#### [THE DATA]
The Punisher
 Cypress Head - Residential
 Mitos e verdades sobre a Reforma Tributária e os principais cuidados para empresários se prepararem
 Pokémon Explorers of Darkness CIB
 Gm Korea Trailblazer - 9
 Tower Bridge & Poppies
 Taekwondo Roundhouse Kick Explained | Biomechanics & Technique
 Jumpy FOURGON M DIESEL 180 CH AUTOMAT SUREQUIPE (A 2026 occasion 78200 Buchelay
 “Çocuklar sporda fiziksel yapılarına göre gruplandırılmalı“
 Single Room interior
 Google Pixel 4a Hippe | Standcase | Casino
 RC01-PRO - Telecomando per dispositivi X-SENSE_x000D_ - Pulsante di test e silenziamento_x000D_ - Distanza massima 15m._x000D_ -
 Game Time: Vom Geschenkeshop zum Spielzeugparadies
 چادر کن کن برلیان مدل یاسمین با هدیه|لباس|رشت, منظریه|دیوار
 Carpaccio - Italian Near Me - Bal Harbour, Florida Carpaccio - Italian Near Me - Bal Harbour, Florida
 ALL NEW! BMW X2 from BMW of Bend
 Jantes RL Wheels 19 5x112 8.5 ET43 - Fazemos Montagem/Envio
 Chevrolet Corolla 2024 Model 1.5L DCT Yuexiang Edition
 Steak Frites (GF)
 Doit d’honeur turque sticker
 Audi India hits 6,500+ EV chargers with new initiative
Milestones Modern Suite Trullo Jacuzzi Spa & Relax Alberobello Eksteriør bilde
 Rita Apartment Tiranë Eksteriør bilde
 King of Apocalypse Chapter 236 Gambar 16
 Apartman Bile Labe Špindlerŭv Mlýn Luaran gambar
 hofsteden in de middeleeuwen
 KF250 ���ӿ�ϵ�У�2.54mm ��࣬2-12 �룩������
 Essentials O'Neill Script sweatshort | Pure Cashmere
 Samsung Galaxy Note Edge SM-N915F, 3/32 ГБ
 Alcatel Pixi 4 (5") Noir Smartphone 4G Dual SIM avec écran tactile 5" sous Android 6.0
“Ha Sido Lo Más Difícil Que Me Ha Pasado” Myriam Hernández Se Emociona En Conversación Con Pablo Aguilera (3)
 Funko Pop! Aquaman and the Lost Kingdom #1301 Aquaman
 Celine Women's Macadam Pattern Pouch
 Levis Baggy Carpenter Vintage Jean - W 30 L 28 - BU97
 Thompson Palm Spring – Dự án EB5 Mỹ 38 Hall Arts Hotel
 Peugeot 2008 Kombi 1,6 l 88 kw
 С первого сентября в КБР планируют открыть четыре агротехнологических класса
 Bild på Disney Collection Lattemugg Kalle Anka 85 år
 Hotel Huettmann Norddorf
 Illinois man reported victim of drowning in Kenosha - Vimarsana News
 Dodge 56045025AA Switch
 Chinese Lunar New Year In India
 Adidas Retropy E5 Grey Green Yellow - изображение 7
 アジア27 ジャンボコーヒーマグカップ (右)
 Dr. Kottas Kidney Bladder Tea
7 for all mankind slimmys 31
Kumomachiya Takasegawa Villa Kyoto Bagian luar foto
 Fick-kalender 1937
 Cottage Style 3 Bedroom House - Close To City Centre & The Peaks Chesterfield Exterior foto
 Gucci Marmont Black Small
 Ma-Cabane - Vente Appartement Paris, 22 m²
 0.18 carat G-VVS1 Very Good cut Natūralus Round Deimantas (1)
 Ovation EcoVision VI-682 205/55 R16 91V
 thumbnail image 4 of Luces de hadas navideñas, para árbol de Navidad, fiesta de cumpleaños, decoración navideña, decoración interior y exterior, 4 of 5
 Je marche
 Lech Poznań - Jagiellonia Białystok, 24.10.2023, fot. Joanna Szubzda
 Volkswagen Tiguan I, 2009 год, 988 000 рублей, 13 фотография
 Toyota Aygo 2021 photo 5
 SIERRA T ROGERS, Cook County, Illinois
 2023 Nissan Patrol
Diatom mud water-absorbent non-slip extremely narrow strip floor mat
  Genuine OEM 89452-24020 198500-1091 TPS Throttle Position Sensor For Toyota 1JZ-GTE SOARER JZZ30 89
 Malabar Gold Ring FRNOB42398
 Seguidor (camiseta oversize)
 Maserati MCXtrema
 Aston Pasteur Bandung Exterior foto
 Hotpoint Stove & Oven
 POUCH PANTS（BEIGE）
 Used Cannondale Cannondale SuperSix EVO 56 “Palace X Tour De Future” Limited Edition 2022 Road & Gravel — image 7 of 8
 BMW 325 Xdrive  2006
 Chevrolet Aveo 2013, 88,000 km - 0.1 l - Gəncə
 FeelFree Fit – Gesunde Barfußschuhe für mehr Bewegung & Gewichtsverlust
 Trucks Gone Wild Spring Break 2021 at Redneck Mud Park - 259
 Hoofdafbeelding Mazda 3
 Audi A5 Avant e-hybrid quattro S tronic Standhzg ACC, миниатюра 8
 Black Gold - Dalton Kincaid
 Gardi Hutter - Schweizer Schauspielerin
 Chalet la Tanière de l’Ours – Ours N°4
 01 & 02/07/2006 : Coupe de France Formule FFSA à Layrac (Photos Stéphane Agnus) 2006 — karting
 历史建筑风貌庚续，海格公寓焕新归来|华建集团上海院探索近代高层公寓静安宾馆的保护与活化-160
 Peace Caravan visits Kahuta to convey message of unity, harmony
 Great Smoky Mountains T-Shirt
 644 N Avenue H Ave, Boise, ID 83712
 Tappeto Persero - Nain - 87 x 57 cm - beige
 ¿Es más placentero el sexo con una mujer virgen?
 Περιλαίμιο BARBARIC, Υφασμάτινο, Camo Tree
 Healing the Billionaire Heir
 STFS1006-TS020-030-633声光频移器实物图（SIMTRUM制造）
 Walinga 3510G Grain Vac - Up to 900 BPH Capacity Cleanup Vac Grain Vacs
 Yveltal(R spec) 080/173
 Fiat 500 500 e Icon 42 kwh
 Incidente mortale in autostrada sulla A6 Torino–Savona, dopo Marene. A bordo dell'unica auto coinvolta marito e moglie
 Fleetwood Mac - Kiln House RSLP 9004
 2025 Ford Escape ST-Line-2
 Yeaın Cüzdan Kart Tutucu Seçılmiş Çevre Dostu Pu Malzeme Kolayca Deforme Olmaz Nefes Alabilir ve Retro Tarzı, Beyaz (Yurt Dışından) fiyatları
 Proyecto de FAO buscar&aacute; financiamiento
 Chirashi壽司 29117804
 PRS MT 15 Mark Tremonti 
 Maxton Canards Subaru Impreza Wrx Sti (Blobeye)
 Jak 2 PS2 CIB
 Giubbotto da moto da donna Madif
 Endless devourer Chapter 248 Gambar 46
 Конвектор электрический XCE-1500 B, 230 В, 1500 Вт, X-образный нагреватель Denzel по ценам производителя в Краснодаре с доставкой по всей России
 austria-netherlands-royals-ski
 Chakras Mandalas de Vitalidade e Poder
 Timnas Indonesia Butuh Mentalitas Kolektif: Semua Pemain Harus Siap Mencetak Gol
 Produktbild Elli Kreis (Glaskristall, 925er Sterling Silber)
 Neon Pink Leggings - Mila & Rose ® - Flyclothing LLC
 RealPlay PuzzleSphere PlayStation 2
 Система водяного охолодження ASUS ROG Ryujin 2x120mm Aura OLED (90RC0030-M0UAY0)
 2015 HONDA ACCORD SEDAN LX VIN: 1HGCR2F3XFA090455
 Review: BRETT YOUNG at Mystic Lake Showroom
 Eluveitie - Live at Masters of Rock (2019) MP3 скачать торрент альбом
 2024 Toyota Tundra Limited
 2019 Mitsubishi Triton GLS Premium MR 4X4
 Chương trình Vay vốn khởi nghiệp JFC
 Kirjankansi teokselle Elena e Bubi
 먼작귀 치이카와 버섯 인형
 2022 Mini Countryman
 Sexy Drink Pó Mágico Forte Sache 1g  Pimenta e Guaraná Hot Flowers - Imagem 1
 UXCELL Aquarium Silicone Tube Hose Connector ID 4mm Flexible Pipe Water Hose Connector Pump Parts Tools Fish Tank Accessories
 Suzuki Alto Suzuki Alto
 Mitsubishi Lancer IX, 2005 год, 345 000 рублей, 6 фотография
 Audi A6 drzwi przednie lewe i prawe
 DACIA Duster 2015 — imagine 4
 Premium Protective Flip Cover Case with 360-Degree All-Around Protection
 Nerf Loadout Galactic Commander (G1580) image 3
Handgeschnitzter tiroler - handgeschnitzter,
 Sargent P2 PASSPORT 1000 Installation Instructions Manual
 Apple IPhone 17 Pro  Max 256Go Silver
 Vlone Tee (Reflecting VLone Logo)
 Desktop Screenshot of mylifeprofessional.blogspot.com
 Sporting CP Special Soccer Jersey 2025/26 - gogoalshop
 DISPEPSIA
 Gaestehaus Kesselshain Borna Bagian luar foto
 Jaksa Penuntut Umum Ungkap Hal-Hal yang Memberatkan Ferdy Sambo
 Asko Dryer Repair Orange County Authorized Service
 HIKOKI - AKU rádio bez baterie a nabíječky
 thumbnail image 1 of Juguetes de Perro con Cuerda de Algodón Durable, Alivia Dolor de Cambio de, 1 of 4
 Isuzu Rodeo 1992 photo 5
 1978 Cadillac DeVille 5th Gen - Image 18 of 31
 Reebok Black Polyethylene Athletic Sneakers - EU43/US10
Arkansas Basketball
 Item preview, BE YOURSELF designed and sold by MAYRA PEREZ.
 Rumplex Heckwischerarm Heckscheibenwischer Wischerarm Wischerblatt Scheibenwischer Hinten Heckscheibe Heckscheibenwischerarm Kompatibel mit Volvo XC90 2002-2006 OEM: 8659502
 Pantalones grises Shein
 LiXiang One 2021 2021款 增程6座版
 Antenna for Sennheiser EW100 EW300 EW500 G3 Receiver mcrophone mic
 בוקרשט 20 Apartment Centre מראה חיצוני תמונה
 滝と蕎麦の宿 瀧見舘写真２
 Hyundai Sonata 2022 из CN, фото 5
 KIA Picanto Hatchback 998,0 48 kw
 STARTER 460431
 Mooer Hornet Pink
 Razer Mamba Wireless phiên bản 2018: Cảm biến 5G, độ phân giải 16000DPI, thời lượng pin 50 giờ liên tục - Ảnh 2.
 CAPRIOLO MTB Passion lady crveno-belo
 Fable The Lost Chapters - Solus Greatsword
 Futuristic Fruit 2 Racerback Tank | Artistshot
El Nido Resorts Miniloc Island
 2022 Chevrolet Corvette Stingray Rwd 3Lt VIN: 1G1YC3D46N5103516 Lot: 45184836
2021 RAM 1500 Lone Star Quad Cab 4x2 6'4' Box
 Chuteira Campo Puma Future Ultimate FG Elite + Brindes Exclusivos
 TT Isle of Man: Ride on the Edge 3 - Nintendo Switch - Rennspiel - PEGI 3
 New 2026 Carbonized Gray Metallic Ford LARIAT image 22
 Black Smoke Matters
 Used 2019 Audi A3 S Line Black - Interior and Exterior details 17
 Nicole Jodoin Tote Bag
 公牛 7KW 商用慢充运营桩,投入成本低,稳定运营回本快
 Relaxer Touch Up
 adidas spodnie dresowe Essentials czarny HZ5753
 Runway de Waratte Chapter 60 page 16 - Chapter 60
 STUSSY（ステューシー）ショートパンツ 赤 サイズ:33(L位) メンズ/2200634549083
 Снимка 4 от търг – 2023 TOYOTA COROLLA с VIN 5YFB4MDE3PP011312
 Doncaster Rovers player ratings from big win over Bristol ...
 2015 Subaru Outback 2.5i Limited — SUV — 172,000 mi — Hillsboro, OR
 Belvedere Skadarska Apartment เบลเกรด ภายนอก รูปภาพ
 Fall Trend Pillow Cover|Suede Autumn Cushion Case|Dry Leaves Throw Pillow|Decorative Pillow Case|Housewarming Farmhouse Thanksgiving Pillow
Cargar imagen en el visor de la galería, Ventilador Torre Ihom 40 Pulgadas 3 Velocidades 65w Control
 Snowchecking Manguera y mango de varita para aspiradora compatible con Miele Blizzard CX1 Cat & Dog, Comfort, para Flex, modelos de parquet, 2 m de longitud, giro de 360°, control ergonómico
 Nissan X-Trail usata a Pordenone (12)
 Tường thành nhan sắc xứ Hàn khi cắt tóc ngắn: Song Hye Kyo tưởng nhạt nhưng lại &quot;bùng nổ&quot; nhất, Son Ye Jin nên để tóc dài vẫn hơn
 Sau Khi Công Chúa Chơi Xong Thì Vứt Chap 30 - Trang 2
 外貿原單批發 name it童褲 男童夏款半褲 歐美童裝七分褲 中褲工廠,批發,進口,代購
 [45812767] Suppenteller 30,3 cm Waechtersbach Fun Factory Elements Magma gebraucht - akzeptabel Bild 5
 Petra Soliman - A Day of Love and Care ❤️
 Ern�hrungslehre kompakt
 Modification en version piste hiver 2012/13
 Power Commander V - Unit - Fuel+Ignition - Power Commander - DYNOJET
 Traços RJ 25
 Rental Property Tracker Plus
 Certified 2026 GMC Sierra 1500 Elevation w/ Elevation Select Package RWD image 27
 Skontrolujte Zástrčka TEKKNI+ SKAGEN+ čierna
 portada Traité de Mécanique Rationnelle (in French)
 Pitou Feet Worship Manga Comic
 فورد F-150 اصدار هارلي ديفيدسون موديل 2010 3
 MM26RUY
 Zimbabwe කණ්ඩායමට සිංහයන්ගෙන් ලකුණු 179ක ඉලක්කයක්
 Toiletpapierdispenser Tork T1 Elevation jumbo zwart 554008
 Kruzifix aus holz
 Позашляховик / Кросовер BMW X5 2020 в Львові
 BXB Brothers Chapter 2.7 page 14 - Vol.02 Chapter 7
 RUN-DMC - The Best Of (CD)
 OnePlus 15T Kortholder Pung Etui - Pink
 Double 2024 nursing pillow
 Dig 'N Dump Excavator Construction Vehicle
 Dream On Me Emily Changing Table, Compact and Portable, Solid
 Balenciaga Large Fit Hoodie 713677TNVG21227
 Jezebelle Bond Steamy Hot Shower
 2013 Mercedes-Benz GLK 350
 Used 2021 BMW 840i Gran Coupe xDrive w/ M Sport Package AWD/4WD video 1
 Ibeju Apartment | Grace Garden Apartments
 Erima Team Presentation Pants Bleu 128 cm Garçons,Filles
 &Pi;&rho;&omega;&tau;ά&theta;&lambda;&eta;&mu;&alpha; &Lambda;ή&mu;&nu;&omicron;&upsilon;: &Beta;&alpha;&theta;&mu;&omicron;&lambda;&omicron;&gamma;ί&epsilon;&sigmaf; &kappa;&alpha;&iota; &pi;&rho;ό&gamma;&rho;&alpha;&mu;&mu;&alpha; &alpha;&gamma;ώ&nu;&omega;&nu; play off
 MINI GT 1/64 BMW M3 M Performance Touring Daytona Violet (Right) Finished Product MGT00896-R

#### [DIRECTIONS]
Every line in the entries above that has the word "Commander" should be identified and copied.

#### [EXPECTED ANSWER]
 Nerf Loadout Galactic Commander (G1580) image 3
 Power Commander V - Unit - Fuel+Ignition - Power Commander - DYNOJET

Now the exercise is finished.